* [WHAT YOU WILL DO]
Exactly as written, output the lines below starting from the first and ending with the line that contains "Папа Римский и Вселенский Патриарх."; omit pictures.

* [Source records]

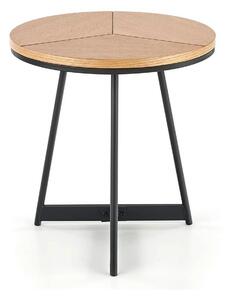 Masuta KARIDA S, stejar auriu/negru, 45x45x49 cm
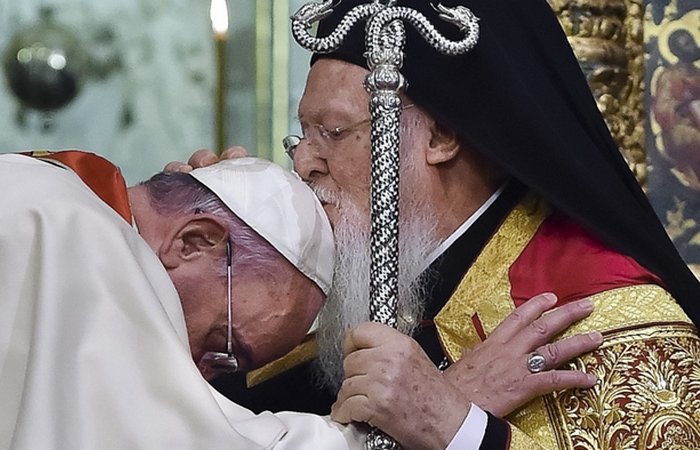Папа Римский и Вселенский Патриарх.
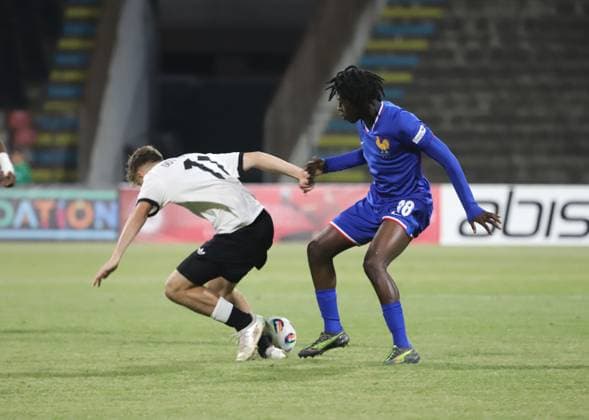 UEFA European Under-17 Championship 2024 25 Group A, in Tirana on, Albania on May 19, 2025. The football match Germany vs France during the UEFA European Under-17 Championship 2024 25 Group A at the Elbasan Arena stadium in Elbasan, Albania, on May 19, 2025. TIRANE ALBANIA Copyright: xSTRINGERx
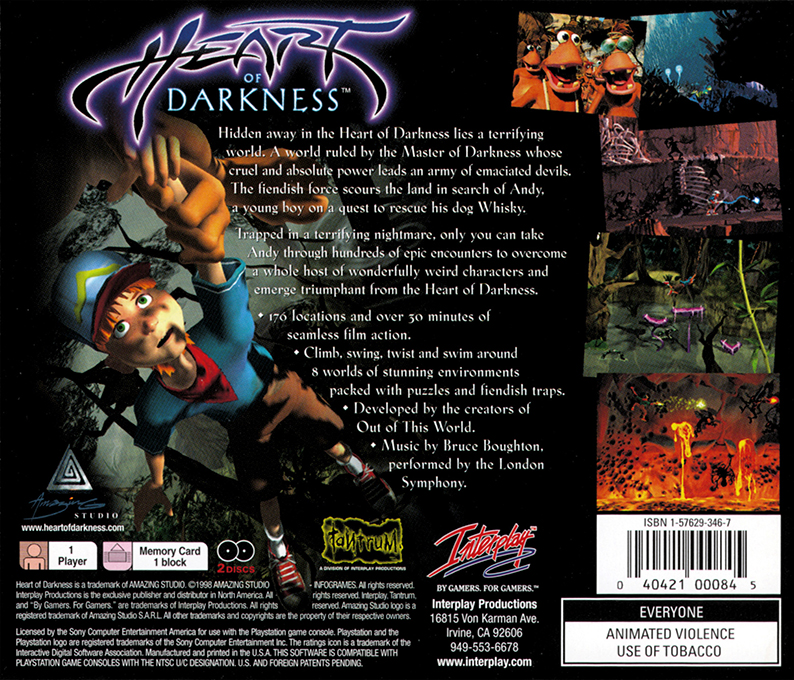 Heart of Darkness — Box back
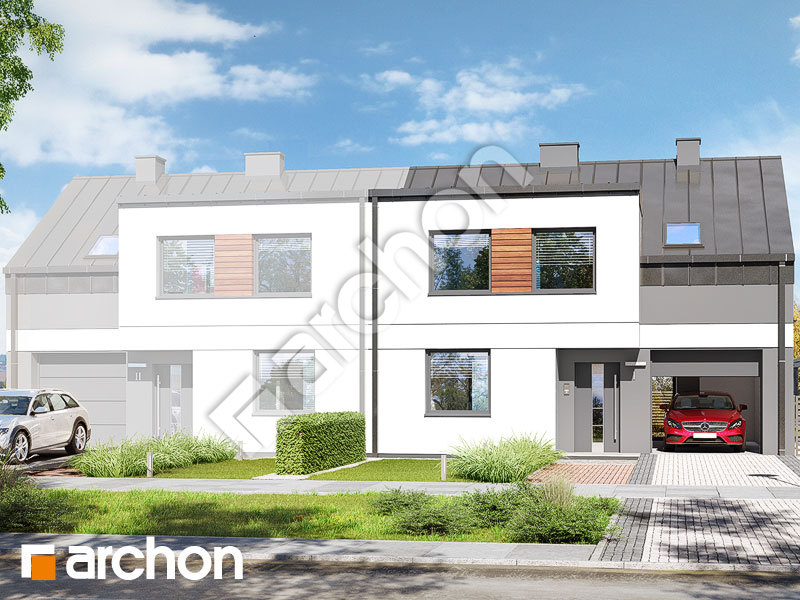 Проект будинку ARCHON+ Будинок в полині 2 (Б) Вид 1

* [TASK RESPONSE]
 Masuta KARIDA S, stejar auriu/negru, 45x45x49 cm
Папа Римский и Вселенский Патриарх.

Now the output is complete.